# Work instructions
Every line from the one with "آموزشگاه تعمیرات خودرو در منطقه 6 تهران" through the last line below should be repeated exactly; pictures stay out of the copy.

════════════════

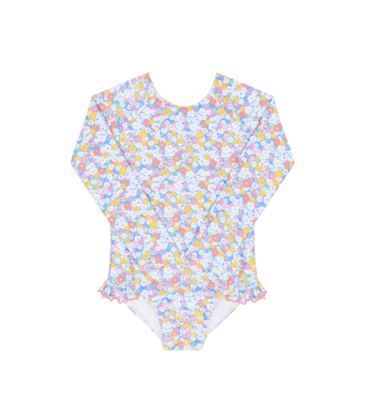 Minnow Swim Jasmine Blossom 1pc Rashguard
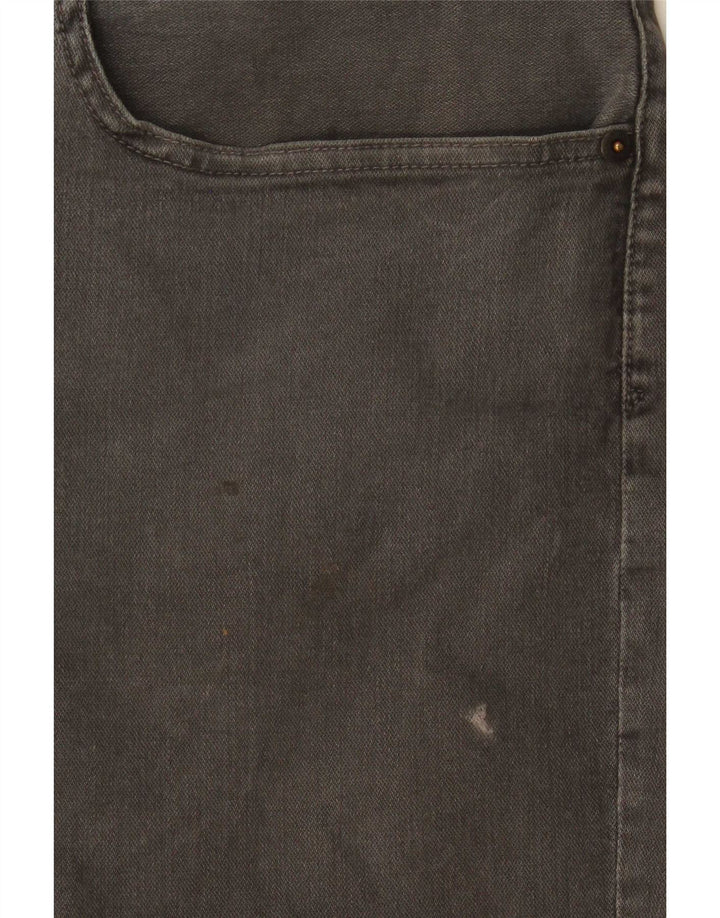 Vaqueros rectos para hombre Gap W38 L30 Algodón gris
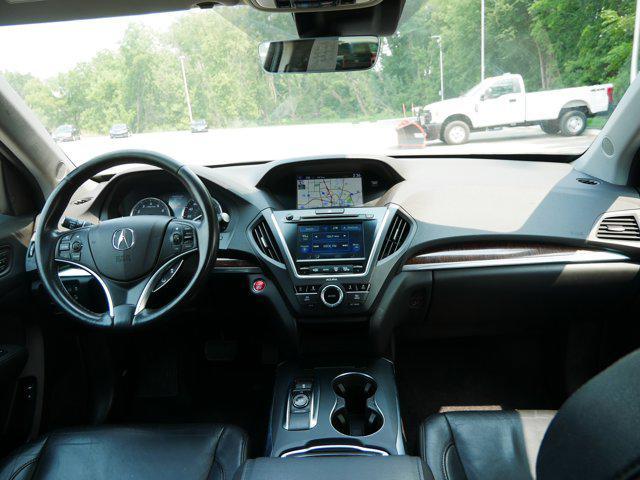 used 2017 Acura MDX car, priced at $19,498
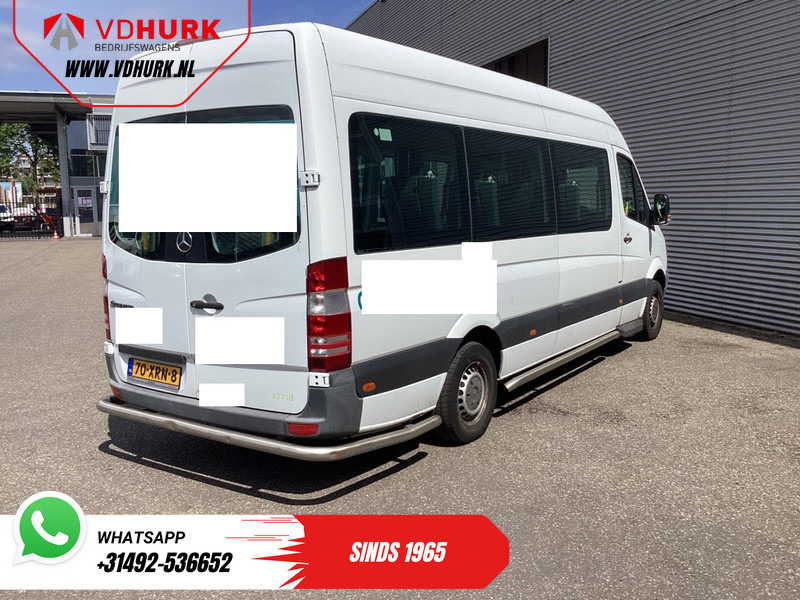 Минибус, Патничко комбе Mercedes-Benz Sprinter 313 2.2 CDI L3H2 €8.954 Incl. BTW BPM VRIJ! EXPORT ONLY Combi/ 9 Persoons/ Kombi/ 9P/ Airco/ Rolstoellift: слика 9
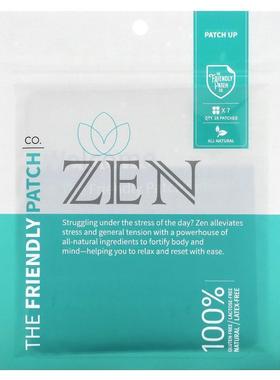 The Friendly Patch,Zen, Stress Patch, 28 Patches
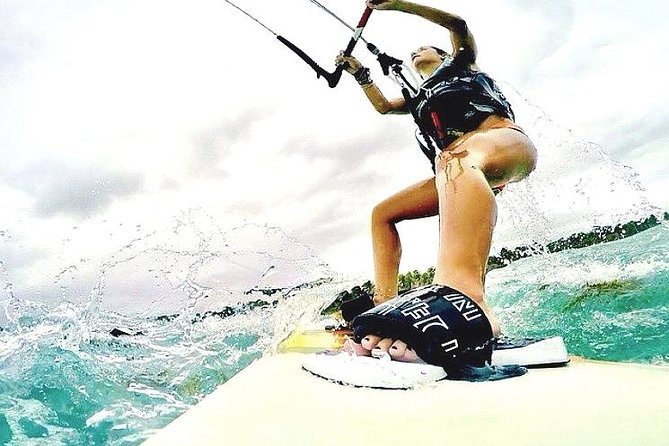 Private Kiteboarding Lesson in Tulum - Kite control, body dragging, and power strokes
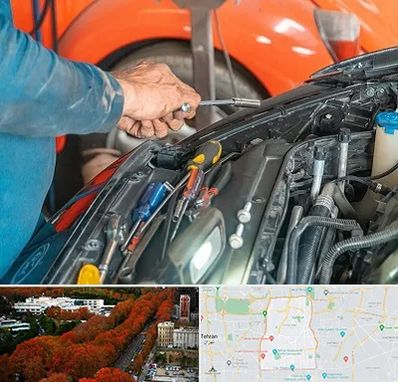 آموزشگاه تعمیرات خودرو در منطقه 6 تهران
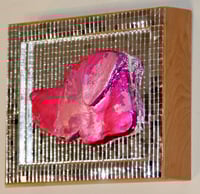 Image 3 of Labrador Pink Mirror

════════════════

# Solution
 آموزشگاه تعمیرات خودرو در منطقه 6 تهران
 Image 3 of Labrador Pink Mirror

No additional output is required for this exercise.